Wow, that’s a fancy word right – cool thing to throw around with at the weekly running group. Well, the truth is it can really mess up your whole body up radiating up to your head leading to headaches and other pleasurable side effects if the knee discomfort isn’t enough.
Generally speaking, always consult a doctor or a physio about your issues if you are in servere pain!
What is it?
Starting from minor symptoms like : stiffness around knee especially right under knee cap up to more major symptoms such as: pain at the knee when walking down stairs or doing a low single leg squat.
At the beginning, that feeling of stiffness might disappear after your 10-20min warm up phase and return after the activity, more obviously after high intensity intervals etc. It can progress over time if you neglect it and lead into stinging pain at the front of the knee when even attempting to run or cycle. Swimming will probably not affect the pain as much except for the later stages of this fun journey – except for strong push offs the wall or hard kicking sets.
How to do I know that I’m the lucky one?:
When I get this on a referral from a doctor, in 90% of the cases I will re-do my diagnoses and do a quick check of the most important joints relating to it. In most cases the problem is NOT the knee my friend.
Check the range of motion / mobility and strength of foot / ankle, knee, hip, lower back.
Did you notice an obvious restriction in comparison to the other side when stretching or moving? Any past problems in this area? For mobility: stretch all the key muscles from foot to lower back – calfs & tibialis anterior area – hamstring & quads – gluts & hip flexors – lower back area especially quadratus lumborum and erector spinae.
Quick functional test (especially for runners) single leg squat barefoot – on a wobbly matt if too easy.
A thorough chat about daily activities, sport, history of injury etc.
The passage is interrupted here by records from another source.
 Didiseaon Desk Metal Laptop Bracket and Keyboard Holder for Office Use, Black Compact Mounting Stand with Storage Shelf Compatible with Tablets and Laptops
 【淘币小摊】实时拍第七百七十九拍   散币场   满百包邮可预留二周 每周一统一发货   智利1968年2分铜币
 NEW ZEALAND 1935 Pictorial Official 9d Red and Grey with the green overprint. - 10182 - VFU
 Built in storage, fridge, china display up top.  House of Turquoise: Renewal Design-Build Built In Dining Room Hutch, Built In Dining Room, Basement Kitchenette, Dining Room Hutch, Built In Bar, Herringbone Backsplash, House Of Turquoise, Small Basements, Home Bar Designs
Regarding daily activities: do relax in the chair after your workout or do you have a 8hours standing/lifting/sweating job – obviously affects your training. Do you have other stressors in life next to work and training – family/ friends/ partner commitments, too much or too little of any with bring you out of balance and increase likelihood of injury. Regarding sport: how long are you in the sport? Quick increase in volume/ intensity – a real classic and recipe for disaster. Regarding history of injury: where, what, when for how long? If still struggling with it – why?
What can I do?
Don’t overcomplicate things and go doctor shopping, pills and injections are not going to solve your problem long term. You need to find the root of this issue.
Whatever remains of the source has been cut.